Quand je vois l'agitation et le cirque faisandé qui se prépare pour 2017, pour lequel on nous vend par exemple Macron pour une nouveauté (1), et le spectacle consternant de ces faux dévots, qui usent jusqu'à la corde de la rhétorique hypocrite dès qu'ils veulent s'adresser au peuple qu'au fond ils méprisent implacablement, je repense à ce roman de Gogol, Les Âmes mortes, paru en 1842. Les âmes en question sont les serfs attachés à un domaine et dont le nombre permet, entre autres, d'établir la valeur de ce domaine. Les âmes mortes désignent les serfs décédés, autour desquels le personnage principal, Tchitchikov, veut monter une escroquerie. Il s'agit d'exploiter avec indécence et la misère humaine. Tirer profit d'êtres sans droits jusque dans leur disparition. Il y a dans ce roman grinçant un je ne sais quoi de contemporain.

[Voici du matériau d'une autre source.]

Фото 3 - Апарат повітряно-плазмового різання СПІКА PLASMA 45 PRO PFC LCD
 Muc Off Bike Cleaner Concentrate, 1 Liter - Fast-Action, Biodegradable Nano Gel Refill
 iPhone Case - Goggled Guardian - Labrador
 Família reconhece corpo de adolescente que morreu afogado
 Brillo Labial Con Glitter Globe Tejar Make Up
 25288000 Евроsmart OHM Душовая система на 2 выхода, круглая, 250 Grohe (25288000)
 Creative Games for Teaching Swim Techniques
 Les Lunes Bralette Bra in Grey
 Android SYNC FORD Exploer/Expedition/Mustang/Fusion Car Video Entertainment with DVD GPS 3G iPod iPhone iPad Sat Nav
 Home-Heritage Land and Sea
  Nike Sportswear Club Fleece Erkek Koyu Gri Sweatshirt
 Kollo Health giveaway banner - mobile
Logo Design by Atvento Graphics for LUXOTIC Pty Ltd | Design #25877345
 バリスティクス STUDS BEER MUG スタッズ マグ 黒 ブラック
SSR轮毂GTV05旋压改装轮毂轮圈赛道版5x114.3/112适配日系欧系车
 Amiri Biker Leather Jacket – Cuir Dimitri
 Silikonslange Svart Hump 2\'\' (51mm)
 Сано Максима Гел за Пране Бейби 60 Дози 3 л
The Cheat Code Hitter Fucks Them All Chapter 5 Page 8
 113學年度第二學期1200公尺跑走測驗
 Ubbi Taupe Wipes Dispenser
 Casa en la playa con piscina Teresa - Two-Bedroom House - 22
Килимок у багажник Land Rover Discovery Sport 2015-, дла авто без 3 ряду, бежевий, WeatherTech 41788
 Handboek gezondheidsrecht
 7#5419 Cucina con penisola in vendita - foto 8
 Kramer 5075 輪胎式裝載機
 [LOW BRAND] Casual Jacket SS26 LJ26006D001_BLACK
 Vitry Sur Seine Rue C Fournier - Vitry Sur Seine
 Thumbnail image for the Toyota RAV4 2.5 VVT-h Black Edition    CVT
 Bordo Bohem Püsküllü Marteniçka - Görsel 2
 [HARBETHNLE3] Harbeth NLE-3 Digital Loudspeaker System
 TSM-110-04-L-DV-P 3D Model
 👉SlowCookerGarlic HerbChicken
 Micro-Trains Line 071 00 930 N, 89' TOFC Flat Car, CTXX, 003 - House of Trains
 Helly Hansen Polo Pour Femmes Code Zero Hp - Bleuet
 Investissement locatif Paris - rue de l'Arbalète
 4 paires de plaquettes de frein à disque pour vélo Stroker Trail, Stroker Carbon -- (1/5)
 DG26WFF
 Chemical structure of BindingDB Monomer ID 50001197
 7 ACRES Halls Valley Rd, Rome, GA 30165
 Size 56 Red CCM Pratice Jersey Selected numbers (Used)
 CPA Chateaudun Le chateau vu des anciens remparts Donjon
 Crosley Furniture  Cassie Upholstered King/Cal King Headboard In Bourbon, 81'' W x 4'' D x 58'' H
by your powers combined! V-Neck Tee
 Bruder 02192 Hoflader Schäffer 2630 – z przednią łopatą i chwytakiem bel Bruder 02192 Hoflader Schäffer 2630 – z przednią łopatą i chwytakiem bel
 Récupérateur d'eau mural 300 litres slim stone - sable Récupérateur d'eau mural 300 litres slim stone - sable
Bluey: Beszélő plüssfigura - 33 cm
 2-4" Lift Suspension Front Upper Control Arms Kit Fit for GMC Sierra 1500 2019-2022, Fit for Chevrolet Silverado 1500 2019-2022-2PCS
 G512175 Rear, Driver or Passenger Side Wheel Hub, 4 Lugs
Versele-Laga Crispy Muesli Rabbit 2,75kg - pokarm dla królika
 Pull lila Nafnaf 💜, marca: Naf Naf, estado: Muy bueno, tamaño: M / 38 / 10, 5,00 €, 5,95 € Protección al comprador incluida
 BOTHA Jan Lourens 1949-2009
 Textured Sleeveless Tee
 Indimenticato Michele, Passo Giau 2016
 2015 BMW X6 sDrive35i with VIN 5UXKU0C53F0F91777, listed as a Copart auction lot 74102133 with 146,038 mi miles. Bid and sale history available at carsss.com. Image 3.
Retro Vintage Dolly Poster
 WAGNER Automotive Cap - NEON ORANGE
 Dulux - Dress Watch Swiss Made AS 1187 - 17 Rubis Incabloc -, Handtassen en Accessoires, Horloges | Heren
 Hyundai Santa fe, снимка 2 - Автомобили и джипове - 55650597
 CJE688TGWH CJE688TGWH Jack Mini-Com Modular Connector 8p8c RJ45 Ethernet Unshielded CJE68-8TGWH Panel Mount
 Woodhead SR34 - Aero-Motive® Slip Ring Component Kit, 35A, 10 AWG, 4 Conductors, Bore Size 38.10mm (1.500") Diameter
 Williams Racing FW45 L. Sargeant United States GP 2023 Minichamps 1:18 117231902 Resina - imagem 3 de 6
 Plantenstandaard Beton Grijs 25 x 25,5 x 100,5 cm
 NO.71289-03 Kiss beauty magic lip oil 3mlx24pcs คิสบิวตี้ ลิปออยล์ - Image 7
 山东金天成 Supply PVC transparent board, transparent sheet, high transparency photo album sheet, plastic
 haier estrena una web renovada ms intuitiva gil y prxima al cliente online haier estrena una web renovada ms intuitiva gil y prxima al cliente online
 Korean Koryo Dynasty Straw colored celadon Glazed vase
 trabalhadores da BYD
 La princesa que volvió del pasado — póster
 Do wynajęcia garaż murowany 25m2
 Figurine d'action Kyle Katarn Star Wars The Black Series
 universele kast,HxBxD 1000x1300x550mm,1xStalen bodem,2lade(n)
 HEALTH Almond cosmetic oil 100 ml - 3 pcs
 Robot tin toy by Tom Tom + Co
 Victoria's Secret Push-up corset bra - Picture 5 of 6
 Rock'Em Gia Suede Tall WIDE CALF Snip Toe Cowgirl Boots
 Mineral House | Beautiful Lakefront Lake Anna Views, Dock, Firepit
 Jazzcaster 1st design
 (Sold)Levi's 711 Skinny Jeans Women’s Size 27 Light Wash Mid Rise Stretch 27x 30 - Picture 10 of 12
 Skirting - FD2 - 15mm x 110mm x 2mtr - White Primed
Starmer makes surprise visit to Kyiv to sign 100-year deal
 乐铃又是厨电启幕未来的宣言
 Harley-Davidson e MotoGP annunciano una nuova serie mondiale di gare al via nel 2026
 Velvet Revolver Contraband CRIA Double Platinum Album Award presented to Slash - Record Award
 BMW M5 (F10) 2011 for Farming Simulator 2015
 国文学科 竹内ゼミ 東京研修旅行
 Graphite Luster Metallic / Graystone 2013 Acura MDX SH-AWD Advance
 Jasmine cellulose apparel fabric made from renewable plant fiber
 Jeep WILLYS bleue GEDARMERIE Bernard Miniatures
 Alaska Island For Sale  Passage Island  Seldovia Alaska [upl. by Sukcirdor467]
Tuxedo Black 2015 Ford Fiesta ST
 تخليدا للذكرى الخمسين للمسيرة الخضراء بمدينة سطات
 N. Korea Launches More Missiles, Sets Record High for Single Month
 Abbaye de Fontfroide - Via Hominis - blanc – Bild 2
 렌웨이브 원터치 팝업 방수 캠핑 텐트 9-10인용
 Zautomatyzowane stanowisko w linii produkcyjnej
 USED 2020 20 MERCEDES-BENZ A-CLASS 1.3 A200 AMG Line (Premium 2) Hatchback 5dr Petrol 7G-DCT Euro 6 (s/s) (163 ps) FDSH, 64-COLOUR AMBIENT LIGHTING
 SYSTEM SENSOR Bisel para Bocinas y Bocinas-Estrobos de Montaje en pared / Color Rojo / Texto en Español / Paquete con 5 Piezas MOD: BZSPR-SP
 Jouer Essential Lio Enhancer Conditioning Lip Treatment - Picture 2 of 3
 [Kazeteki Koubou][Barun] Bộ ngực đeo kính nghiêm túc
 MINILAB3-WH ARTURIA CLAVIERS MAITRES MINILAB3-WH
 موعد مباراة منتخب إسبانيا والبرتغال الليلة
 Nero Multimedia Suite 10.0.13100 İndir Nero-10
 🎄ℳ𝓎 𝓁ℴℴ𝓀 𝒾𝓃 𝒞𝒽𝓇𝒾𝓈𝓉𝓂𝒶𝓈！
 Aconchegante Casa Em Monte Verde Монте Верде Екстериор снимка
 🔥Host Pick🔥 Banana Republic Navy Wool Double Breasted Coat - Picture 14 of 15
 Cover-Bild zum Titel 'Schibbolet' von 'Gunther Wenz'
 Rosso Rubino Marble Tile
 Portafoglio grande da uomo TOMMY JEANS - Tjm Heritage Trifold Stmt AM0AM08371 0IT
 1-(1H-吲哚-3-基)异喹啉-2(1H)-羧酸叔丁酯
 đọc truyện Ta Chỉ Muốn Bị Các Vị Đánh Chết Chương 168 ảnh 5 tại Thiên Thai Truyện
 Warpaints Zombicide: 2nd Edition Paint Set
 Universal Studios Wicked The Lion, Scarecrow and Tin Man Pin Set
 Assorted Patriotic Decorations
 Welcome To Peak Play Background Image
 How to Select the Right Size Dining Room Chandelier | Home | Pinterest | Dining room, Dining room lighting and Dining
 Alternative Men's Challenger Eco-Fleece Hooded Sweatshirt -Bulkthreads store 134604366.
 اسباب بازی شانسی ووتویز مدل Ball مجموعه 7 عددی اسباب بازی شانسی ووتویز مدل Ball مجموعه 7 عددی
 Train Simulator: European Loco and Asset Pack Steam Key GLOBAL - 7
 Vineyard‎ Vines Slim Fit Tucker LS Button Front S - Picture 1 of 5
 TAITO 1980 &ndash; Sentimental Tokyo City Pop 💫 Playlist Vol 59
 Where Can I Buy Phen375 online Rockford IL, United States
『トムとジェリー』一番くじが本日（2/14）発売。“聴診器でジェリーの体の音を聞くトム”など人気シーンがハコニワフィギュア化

Le jeu dit démocratique, organisé de façon récurrente autour de l'élection, dans sa dérision morbide, alors que le délitement actuel prépare ou une guerre civile, ou un système à l'américaine, voire à la sud-africaine (ou à la brésilienne), ce jeu-là me donne l'impression de reposer sur cette conception inavouée que le citoyen est une âme morte. Non pas qu'il soit sans valeur intrinsèque, mais on lui dénie de pouvoir en faire quelque chose. Et, régulièrement, on vient secouer le cimetière pour que chacun s'exécute, alors même que le système que l'on met en place, le libéralisme débridé en appui sur la mondialisation, l'exécute.
Nous sommes, dans l'apparence de notre citoyenneté, de la même matière que ces autres personnages, de Peter Handke, les acteurs déjà morts de La Chevauchée sur le lac de Constance. Des spectres...
(1)J'y reviendrai dans un prochain billet.